Seleção faz história. O que elas (e a FPF) andaram para chegar ao Mundial 2023

Um golo de penálti de Carole Costa colocou Portugal no Campeonato do Mundo que se realiza no verão na Austrália e Nova Zelândia. Fernando Gomes promete continuar a investir. Selecionador Francisco Neto utilizou 28 jogadoras na qualificação.

A seleção feminina de futebol fez história ao apurar-se pela primeira vez para um Mundial, um feito notável tendo em conta que a modalidade ainda é amadora, mas já com muitas atletas profissionais. Um triunfo sobre os Camarões (2-1), com um golo de Carole Costa aos 90+4 minutos, de grande penalidade, colocou as portuguesas na fase final que se realiza na Austrália e Nova Zelândia, entre julho e agosto.

A missão não será fácil. O sorteio já tinha ditado, que, caso se apurasse, a equipa liderada por Francisco Neto iria integrar o grupo E das vice-campeãs mundiais dos Países Baixos (jogo a 23 de julho), do Vietname (27 de julho) e das bicampeãs em título dos Estados Unidos (1 de agosto). Mas para já, e ao fim de 13 jogos de apuramento, o grande objetivo foi alcançado.

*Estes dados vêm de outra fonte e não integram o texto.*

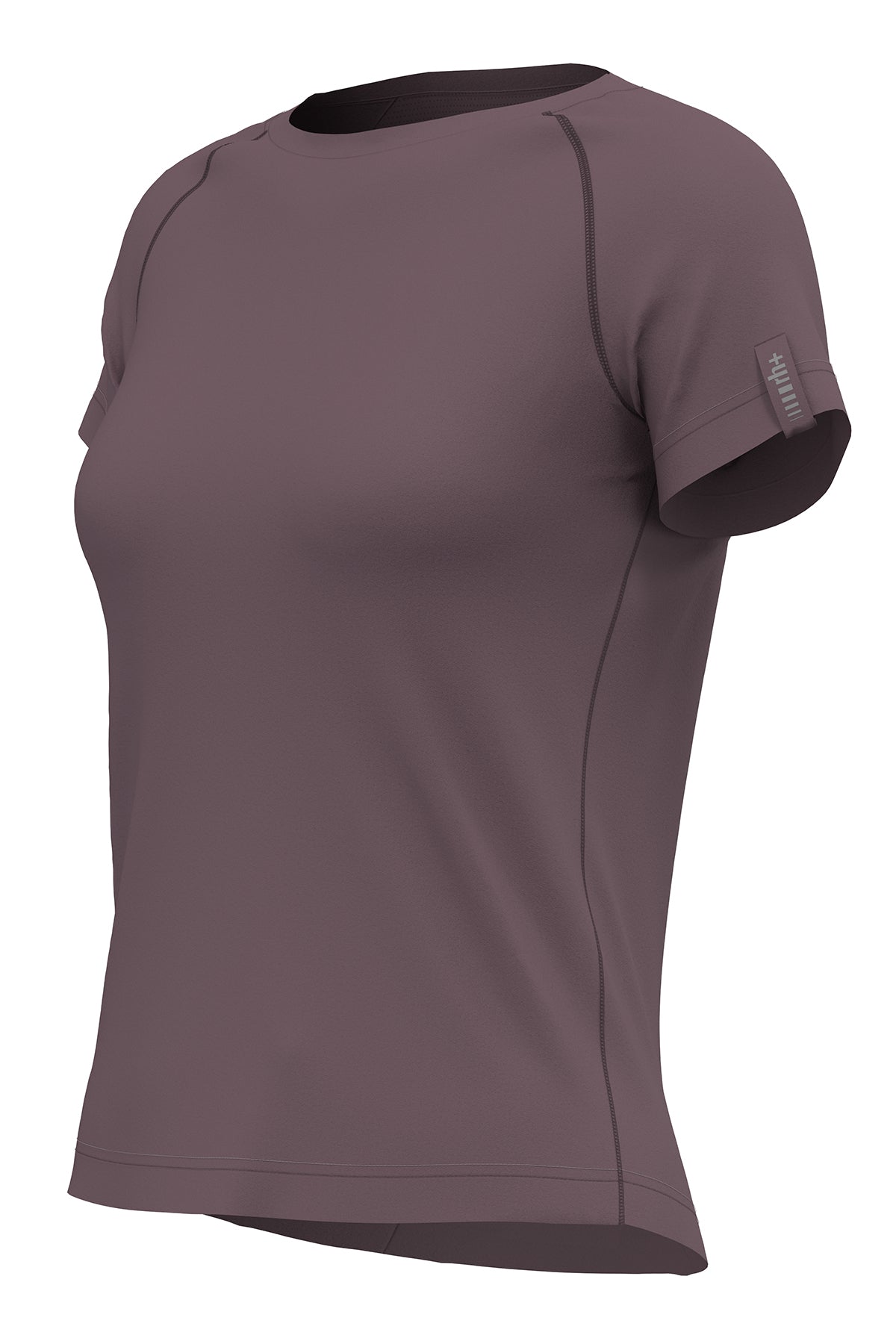 Escape W T-Shirt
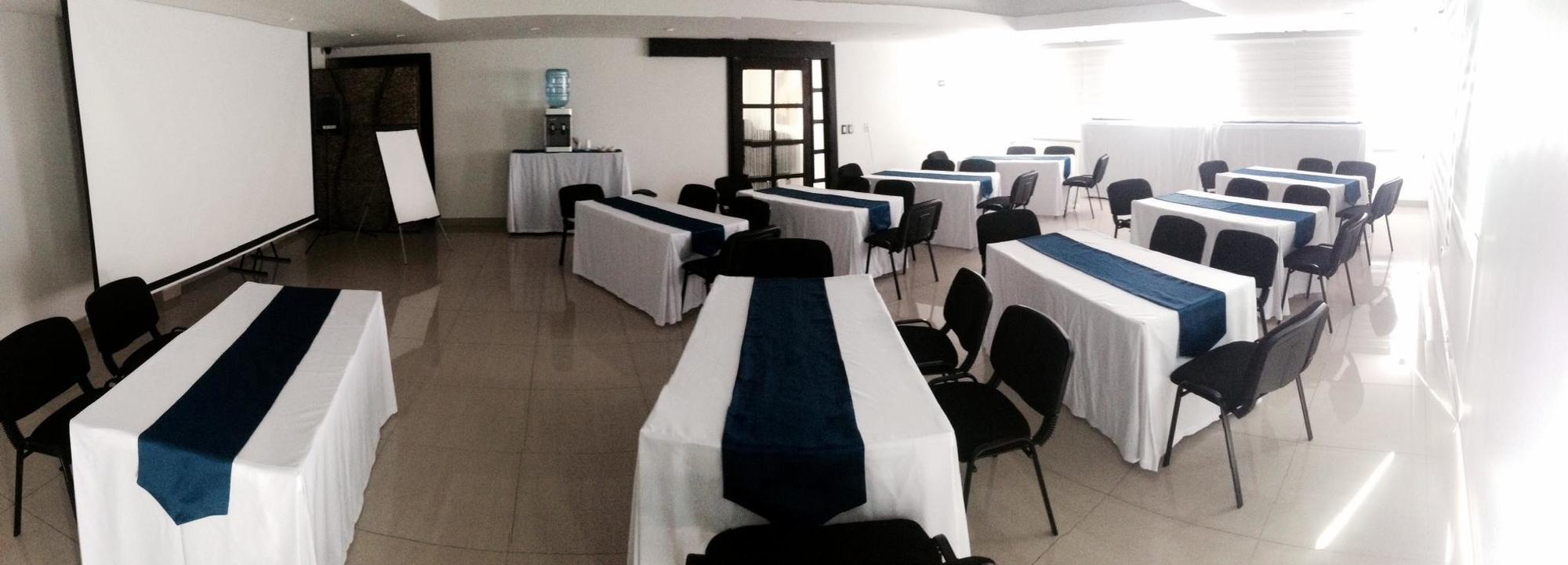 בוגוטה Hotel Colombians Suite מראה חיצוני תמונה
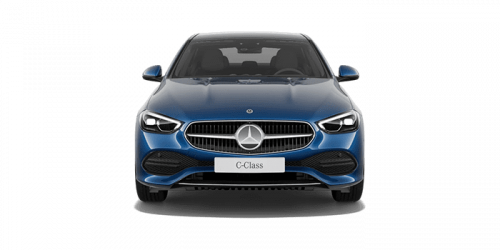 벤츠_C-Class_2024년형_가솔린 2.0_C300 4MATIC Avantgarde_color_ext_front_스펙트럴 블루.png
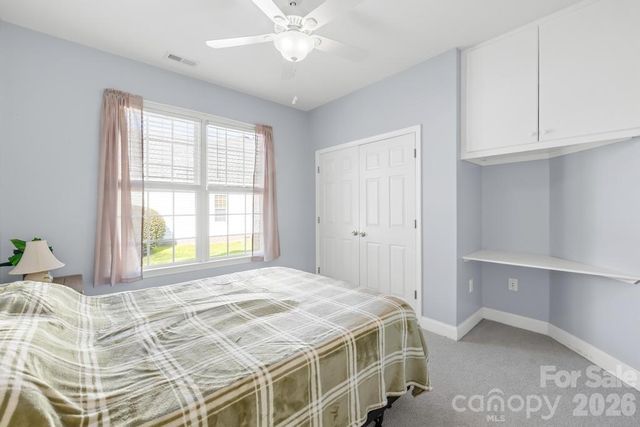 5244 Hickory Knoll Lane, Mount Holly, NC 28120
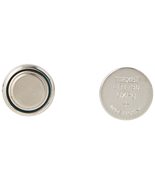 Maxell LR1130 2 Pack - $7.59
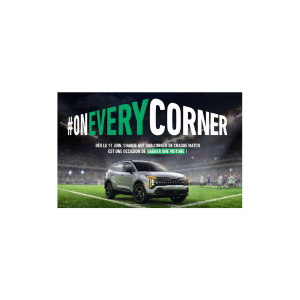 kia jeu concours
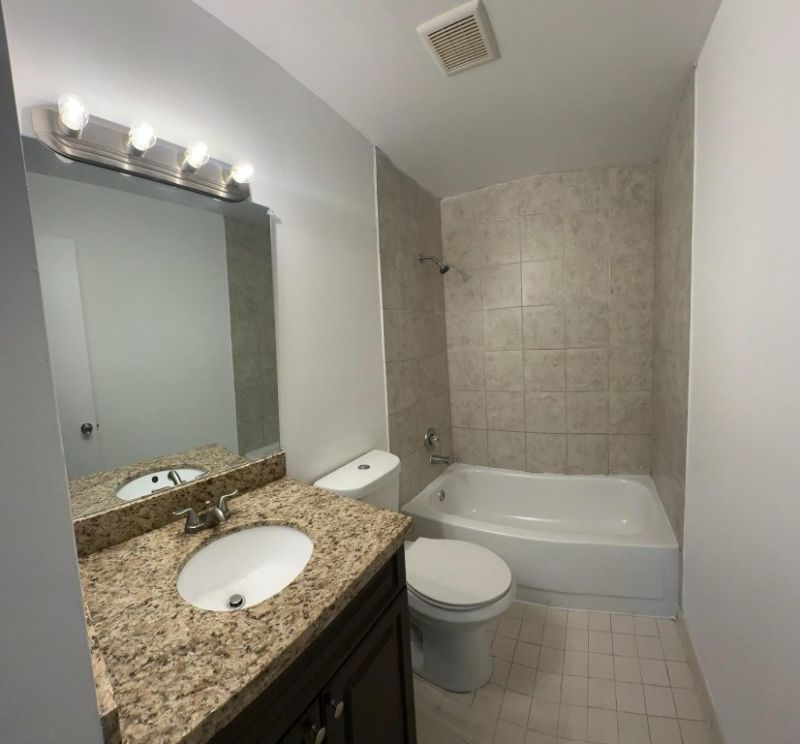 913 Meadows Circle, Unit 913, Boynton Beach, FL 33436 Photo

Presente em todas as fases de qualificação para Mundiais, a seleção tinha dois terceiros lugares nos respetivos grupos de apuramento para Mundiais (2011 e 2019) como melhor desempenho. Performance agora superada pela qualificação para o Mundial 2023, depois de ter ficado em segundo lugar no grupo de apuramento e superado dois playoffs.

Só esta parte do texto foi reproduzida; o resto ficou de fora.